- October 22, 2018
- Posted by: The Partners
- Category: Philanthropy Counts
Published May 23, 2016
The Dreaded P-Word
The very term sends shivers and tremors into the heart of even the strong and fearless.
The term is “pledge card.” THE PLEDGE CARD!
Let me set the scene. The presentation was dazzling. The probable donor is very excited about the program. It’s obvious he wants to join you in this cause.
You happen to mention a pledge. In no uncertain terms, he says, “I’ll give this year, but I absolutely won’t sign a Pledge Card.
“I don’t know what the world is going to be like in the next couple years. I don’t want my estate to have to worry about this. I’m concerned about the future. And my health. My finances.”
I’ve heard it so often, I wondered why I don’t do something about it.
Well . . . I did.
I eschewed the dreaded word pledge. I now call it a Gift Card.
Changing the name may seem a trifling difference. (It’s the trifling differences that make a big difference!).

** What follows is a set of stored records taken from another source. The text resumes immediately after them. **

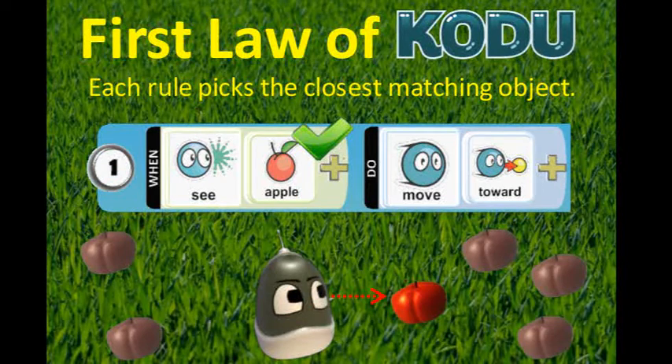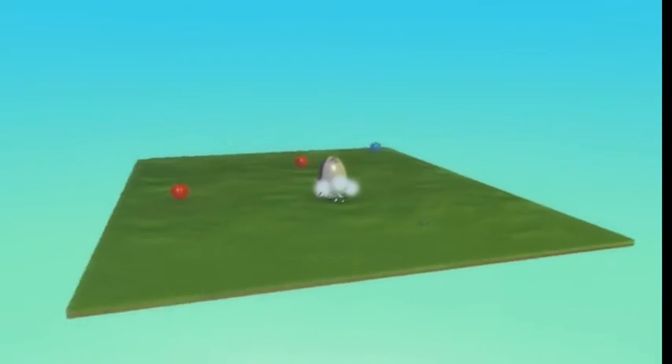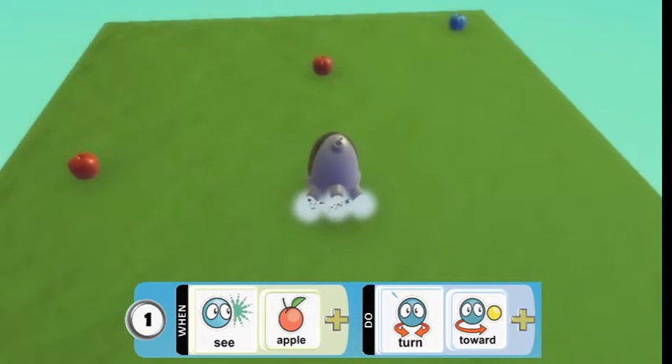The first law of Kodu says each rule picks the closest matching object. Here's a world with three apples, two red and one blue. When a rule says 'turn toward apple,' it tells the Kodu to turn toward the closest apple. Let's run the program and see what happens.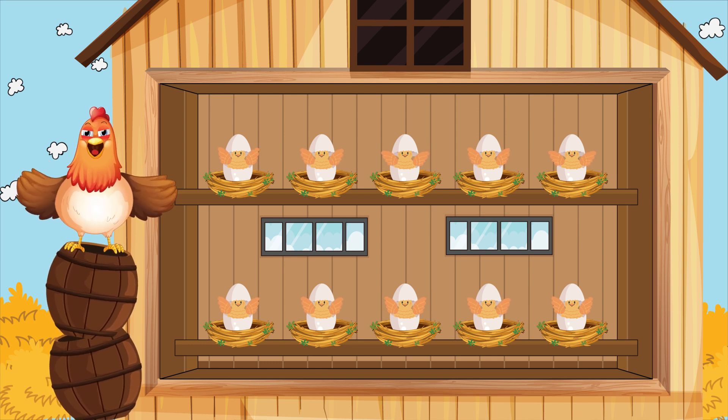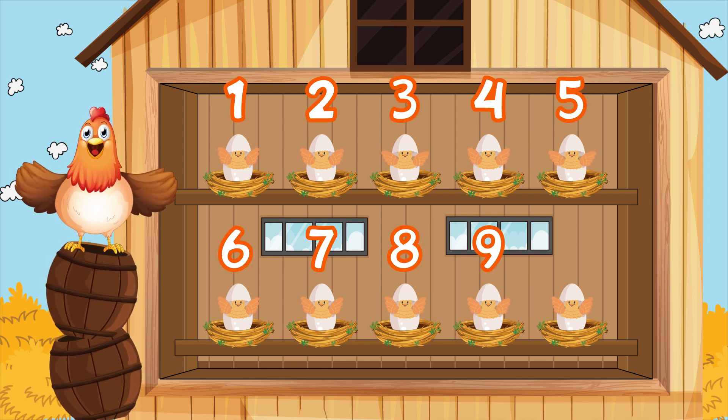Little hen is teaching you how to count to 10. 1, 2, 3, 4, 5, 6, 7, 8, 9, and 10.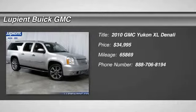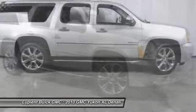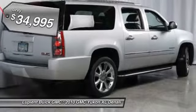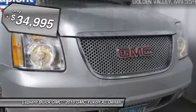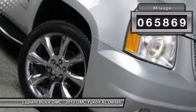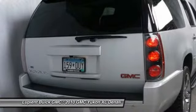The 2010 GMC Yukon XL. The GMC Yukon XL is a great choice for families who need a full-size SUV with maximum seating. The looks don't hurt either, and it's priced below $35,000. This vehicle has less than 70,000 miles. A vehicle like this doesn't come along every day. Come in and get it before someone else does.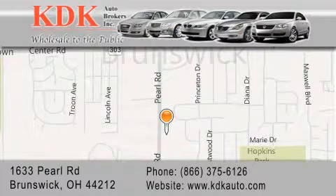For additional information, please visit our website, give us a call, or stop by our dealership. We are conveniently located at 1633 Pearl Road, just one half mile south of Route 303, minutes off I-71. We look forward to serving you!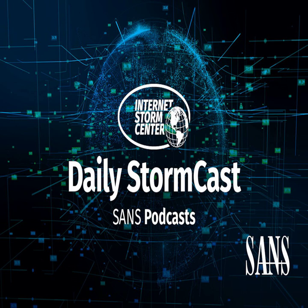Hello and welcome to the Wednesday, November 9th, 2022 edition of the SANS Internet Storm Center Stormcast. My name is Johannes Ulrich and today I am recording from Jacksonville, Florida.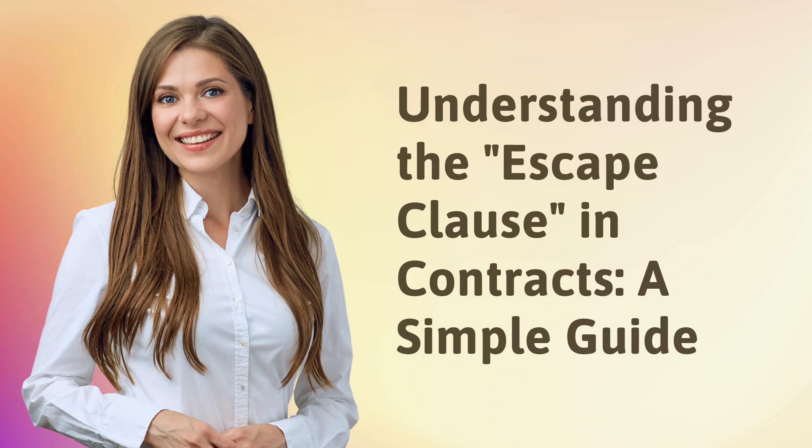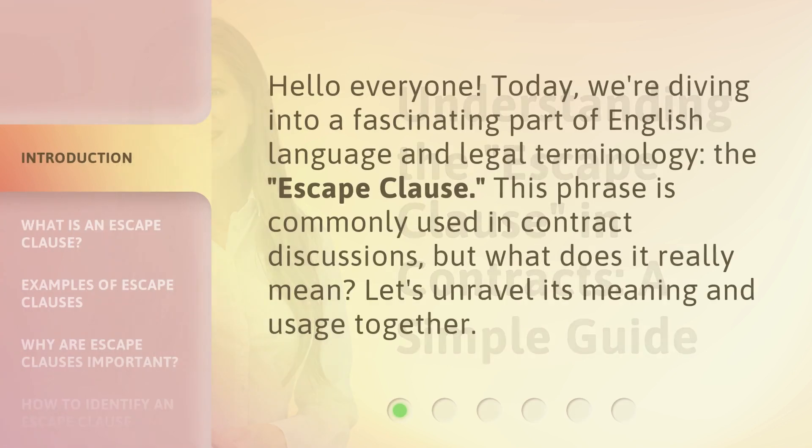Understanding the escape clause in contracts: a simple guide. Hello everyone. Today we're diving into a fascinating part of English language and legal terminology — the escape clause. This phrase is commonly used in contract discussions, but what does it really mean? Let's unravel its meaning and usage together.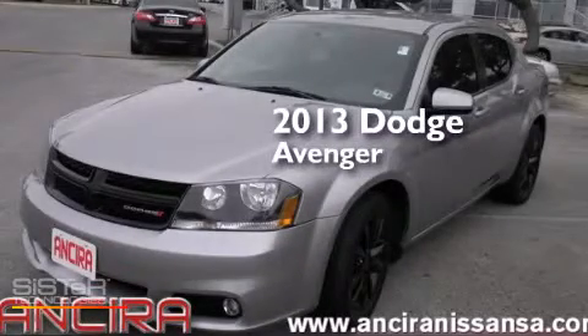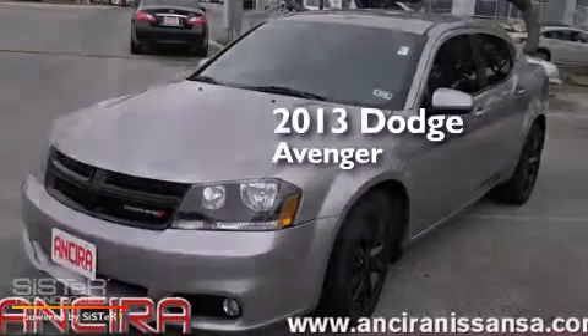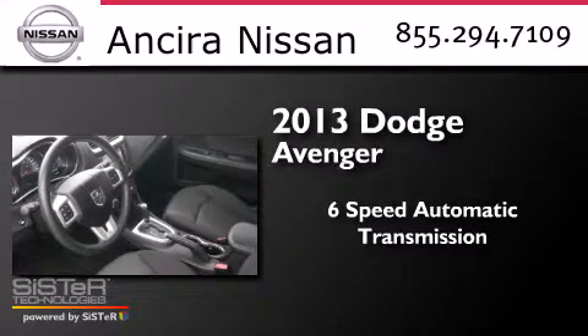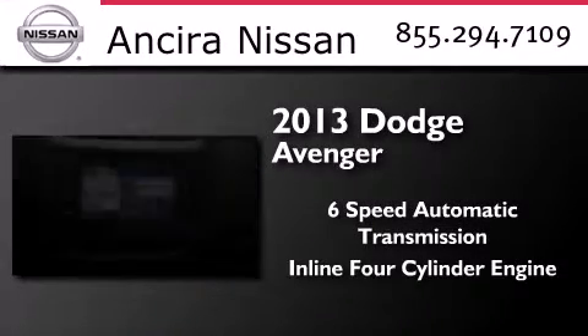This is a 2013 Dodge Avenger. This car has a six-speed automatic transmission and an inline four-cylinder engine.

I make it clear in the Gift Card that it is not legally binding. It only reflects the donor’s intention of wanting to do something in the future. The wording goes something like this:
It is my intention over the next three years to make a gift to ABC of $100,000. If for any reason at all I find I am not able to make a payment following the first year, I will call the Development Office. They will postpone or cancel my gift, at my choice. I understand this Gift of Intention is not legally binding and does not encumber my estate.
I make it clear to the donor that this represents only their intention. “It’s not legally binding. It only represents what you would like to do, assuming your health is good, the family is doing well, and business is in good condition. You can cancel at any time you wish.”
Your Finance Office will tell you it can’t be counted because it isn’t irrevocable. And I say, don’t let the Finance Office run your campaign. If necessary, they can keep a separate set of books about what they want to count.
The amazing thing is, there is less attrition on Gifts of Intent than there are on legally binding pledges. Tell that to your Finance Office!